ABOUT THIS TASK
The data below holds the lines to copy: everything from the line containing "Pipers - May 2014 Pipers - May 2014" to the line containing "Youtube投稿者が動画編集をします PC系動画、ゆっくり実況をやっていたので幅広く対応できます。 イメージ1", both ends included, set down exactly.

SUPPLIED RECORDS

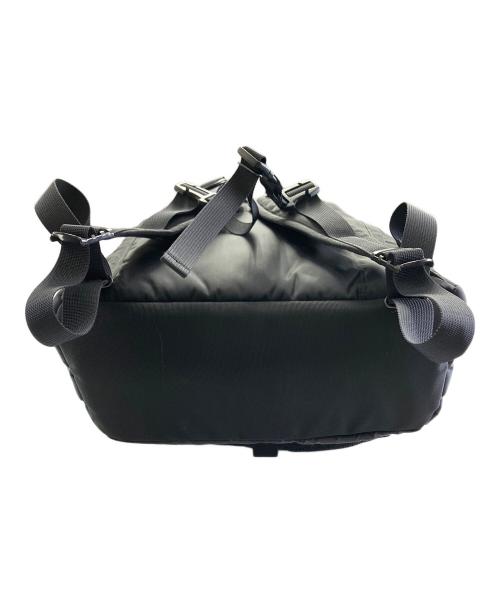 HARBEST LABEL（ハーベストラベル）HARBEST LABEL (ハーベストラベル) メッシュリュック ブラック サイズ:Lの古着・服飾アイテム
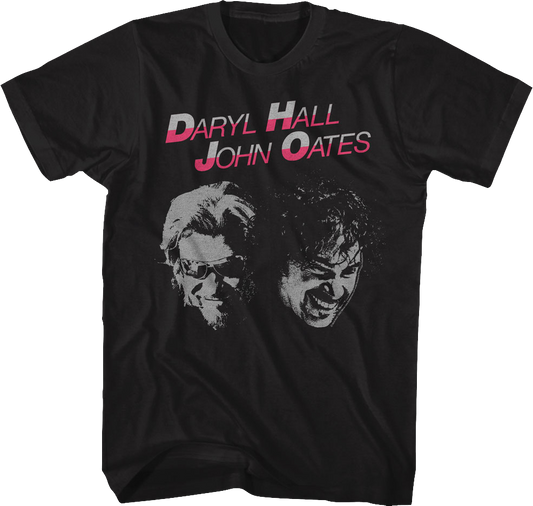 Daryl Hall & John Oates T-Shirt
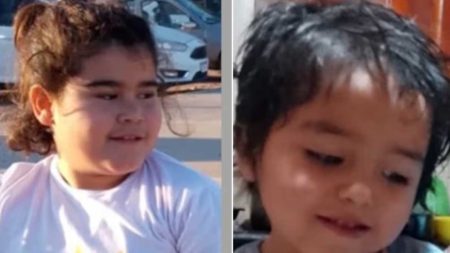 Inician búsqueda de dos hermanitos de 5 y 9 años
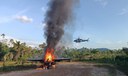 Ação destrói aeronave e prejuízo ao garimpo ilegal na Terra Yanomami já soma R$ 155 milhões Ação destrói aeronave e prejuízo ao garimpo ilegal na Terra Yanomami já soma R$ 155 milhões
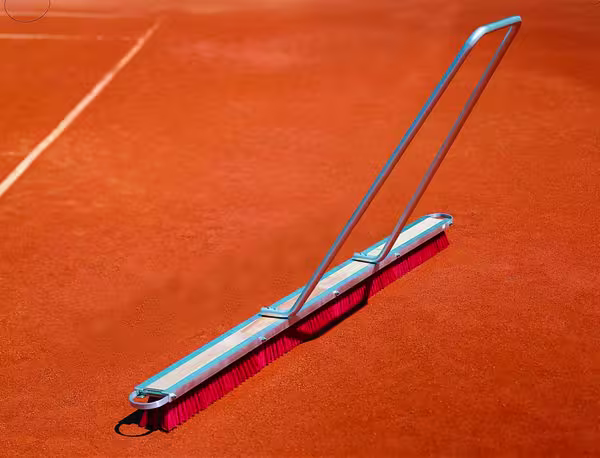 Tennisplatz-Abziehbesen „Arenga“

* * *

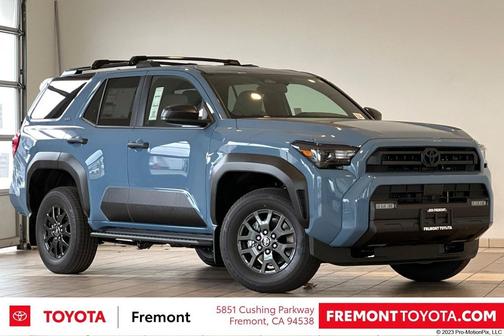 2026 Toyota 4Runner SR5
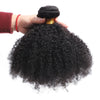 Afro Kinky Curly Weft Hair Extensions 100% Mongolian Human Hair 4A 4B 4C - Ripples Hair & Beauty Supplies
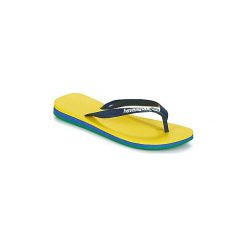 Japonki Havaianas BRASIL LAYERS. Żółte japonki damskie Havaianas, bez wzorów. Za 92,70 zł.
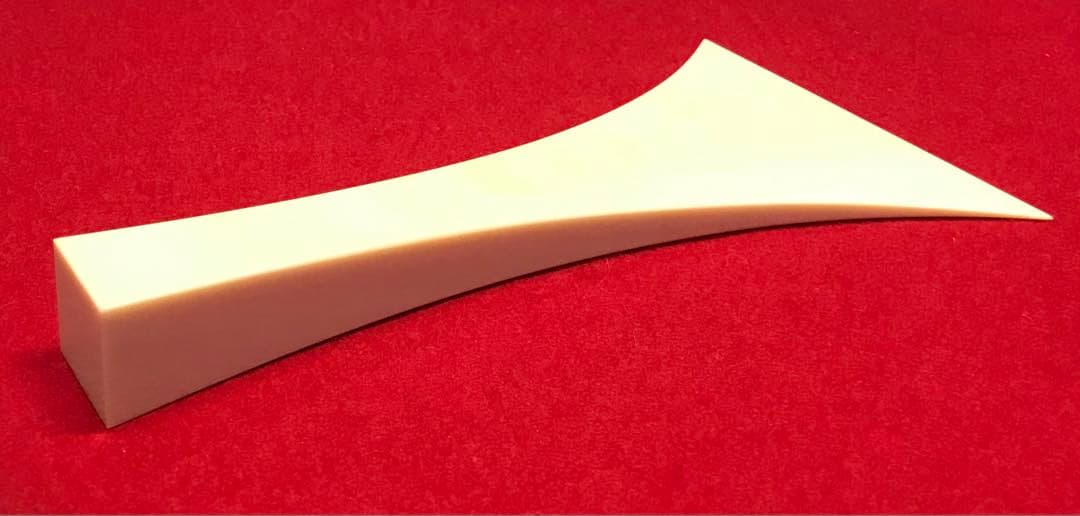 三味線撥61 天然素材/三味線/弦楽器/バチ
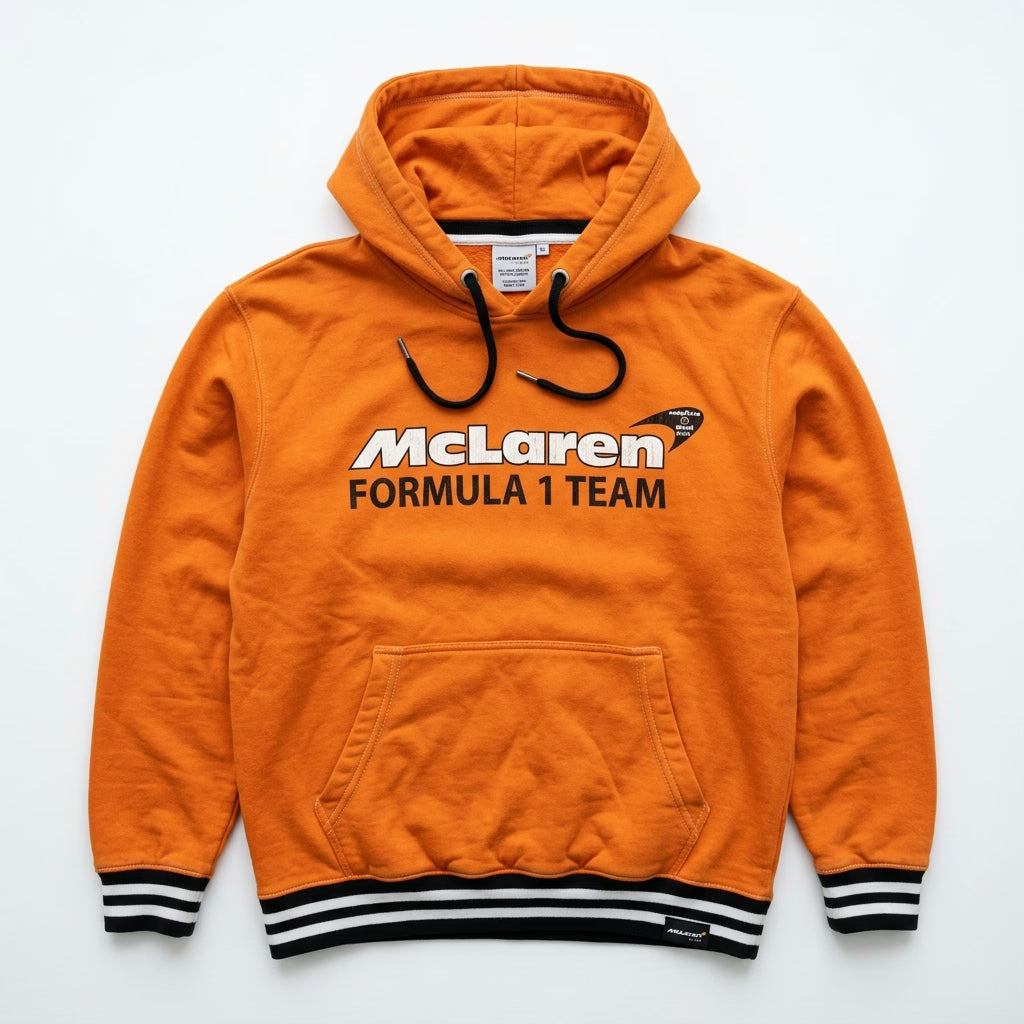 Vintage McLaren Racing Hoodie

---

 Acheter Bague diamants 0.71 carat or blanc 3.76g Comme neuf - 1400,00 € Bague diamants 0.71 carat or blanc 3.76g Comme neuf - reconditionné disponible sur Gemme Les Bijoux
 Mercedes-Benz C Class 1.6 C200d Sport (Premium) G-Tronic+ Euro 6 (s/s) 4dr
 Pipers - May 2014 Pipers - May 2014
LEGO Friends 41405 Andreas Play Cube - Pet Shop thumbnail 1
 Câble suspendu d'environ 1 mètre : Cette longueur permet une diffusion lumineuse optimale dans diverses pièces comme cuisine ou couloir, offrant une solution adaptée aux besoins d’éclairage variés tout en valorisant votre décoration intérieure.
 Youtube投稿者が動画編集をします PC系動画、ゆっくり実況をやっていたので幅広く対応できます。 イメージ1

RESULT FOR THIS EXERCISE
 Pipers - May 2014 Pipers - May 2014
LEGO Friends 41405 Andreas Play Cube - Pet Shop thumbnail 1
 Câble suspendu d'environ 1 mètre : Cette longueur permet une diffusion lumineuse optimale dans diverses pièces comme cuisine ou couloir, offrant une solution adaptée aux besoins d’éclairage variés tout en valorisant votre décoration intérieure.
 Youtube投稿者が動画編集をします PC系動画、ゆっくり実況をやっていたので幅広く対応できます。 イメージ1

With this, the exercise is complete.